The MID1IP1 Antibody (PAC056182) is a reliable tool for researchers studying MID1IP1, a protein involved in regulating cell division and proliferation. This polyclonal antibody was raised in rabbits and is highly specific for detecting MID1IP1 in human samples, making it suitable for Western blot applications. By binding to MID1IP1, researchers can analyze its expression levels in different cell types, advancing studies in cell biology and cancer research.MID1IP1, also known as Mid1-interacting protein 1, plays a crucial role in maintaining genomic stability and controlling cell growth. Dysregulation of MID1IP1 has been linked to cancer development and progression, making it a promising target for therapeutic interventions.
By understanding the function of MID1IP1, researchers can uncover new mechanisms underlying cancer biology and potentially develop novel treatment strategies.The MID1IP1 Antibody (PAC056182) offers the reliability and specificity needed for accurate detection of MID1IP1 in research experiments. Its application in Western blotting provides valuable insights into the role of MID1IP1 in cellular processes, offering potential avenues for further exploration in cancer biology and therapeutic development.
IHC image of PACO56182 diluted at 1:300 and staining in paraffin-embedded human small intestine tissue performed on a Leica BondTM system. After dewaxing and hydration, antigen retrieval was mediated by high pressure in a citrate buffer (pH 6.0). Section was blocked with 10% normal goat serum 30min at RT. Then primary antibody (1% BSA) was incubated at 4°C overnight. The primary is detected by a biotinylated secondary antibody and visualized using an HRP conjugated SP system.

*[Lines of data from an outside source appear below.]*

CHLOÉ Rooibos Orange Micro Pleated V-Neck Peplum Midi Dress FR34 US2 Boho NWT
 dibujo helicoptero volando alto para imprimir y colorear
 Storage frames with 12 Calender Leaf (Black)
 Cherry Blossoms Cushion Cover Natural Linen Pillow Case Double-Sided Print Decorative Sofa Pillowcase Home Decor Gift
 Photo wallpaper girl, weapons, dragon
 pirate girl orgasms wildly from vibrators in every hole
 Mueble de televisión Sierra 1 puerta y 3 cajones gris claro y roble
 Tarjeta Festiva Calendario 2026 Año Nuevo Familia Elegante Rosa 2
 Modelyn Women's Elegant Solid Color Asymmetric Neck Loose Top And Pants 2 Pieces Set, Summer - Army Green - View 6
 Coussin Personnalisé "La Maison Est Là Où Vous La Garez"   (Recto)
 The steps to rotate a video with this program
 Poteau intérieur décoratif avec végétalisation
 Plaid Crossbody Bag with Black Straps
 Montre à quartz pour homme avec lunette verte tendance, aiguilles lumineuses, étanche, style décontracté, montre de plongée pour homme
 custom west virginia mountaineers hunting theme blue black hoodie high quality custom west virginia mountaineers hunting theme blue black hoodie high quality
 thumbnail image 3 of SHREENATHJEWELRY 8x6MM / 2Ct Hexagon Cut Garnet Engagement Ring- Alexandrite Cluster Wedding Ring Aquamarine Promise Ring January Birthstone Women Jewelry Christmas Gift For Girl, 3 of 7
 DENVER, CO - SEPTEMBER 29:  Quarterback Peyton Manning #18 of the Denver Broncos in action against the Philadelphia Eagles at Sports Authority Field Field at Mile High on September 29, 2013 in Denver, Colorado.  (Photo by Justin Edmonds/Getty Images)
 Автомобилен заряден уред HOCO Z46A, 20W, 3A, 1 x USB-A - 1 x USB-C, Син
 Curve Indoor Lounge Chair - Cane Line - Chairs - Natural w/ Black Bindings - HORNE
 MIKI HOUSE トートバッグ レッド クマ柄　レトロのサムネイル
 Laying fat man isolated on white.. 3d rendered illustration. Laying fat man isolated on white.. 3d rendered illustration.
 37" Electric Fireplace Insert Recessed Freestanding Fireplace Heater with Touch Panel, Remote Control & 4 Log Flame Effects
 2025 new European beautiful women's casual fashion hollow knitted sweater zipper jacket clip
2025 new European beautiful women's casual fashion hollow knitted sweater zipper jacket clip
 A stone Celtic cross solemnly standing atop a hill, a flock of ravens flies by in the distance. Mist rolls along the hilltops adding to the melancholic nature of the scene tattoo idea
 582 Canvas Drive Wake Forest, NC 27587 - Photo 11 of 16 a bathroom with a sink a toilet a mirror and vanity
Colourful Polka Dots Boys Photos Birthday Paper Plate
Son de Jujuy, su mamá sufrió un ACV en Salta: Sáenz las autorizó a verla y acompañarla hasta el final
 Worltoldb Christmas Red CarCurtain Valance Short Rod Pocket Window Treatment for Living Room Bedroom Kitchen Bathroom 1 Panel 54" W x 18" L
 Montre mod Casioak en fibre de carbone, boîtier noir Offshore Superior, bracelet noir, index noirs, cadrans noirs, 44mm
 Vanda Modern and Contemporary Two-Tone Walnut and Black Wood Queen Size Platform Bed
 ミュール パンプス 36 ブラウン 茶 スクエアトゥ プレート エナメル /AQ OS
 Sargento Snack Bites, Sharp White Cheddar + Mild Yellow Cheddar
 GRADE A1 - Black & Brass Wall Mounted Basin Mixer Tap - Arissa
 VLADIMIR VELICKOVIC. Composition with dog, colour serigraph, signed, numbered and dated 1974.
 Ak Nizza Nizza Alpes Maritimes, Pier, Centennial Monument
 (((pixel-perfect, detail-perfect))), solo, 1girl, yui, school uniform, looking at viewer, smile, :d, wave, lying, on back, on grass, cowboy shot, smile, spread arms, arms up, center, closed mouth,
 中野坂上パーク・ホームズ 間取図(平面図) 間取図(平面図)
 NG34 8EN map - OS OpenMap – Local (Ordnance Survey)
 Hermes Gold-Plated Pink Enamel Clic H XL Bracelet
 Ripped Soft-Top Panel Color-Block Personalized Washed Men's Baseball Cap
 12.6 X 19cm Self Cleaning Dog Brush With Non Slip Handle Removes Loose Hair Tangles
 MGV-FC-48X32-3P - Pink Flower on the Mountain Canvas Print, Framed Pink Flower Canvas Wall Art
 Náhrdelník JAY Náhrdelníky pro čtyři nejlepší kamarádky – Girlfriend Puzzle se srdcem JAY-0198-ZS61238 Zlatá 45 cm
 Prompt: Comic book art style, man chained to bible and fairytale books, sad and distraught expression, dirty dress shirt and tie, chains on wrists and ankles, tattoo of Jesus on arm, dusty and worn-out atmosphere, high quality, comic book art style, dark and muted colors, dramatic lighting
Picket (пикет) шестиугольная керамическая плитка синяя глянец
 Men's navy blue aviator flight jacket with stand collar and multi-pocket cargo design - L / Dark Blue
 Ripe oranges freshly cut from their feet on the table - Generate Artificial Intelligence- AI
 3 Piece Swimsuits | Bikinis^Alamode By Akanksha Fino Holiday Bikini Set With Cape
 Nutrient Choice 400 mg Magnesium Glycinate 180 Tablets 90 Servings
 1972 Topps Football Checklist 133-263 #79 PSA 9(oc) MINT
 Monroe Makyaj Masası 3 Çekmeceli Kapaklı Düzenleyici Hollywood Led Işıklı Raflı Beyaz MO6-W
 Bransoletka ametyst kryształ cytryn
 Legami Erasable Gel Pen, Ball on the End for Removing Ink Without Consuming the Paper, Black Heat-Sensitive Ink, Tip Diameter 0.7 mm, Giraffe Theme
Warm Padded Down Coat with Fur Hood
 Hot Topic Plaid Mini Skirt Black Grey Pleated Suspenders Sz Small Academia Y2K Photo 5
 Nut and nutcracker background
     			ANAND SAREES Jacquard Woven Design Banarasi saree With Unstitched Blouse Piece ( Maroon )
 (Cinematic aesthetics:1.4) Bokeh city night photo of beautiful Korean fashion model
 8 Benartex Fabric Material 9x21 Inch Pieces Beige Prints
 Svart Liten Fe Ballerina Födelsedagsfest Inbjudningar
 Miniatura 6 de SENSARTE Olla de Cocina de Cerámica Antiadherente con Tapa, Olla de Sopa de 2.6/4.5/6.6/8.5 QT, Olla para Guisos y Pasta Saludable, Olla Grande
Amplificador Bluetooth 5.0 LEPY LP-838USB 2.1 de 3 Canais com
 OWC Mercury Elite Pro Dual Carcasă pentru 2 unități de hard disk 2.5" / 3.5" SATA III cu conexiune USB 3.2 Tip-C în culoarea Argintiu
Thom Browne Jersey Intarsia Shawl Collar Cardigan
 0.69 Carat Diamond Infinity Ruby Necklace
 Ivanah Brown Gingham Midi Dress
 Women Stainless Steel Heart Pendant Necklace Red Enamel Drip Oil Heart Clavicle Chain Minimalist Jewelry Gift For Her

Immunofluorescence staining of Hela cells with PACO56182 at 1:125, counter-stained with DAPI. The cells were fixed in 4% formaldehyde, permeabilized using 0.2% Triton X-100 and blocked in 10% normal Goat Serum. The cells were then incubated with the antibody overnight at 4°C. The secondary antibody was Alexa Fluor 488-congugated AffiniPure Goat Anti-Rabbit IgG(H+L).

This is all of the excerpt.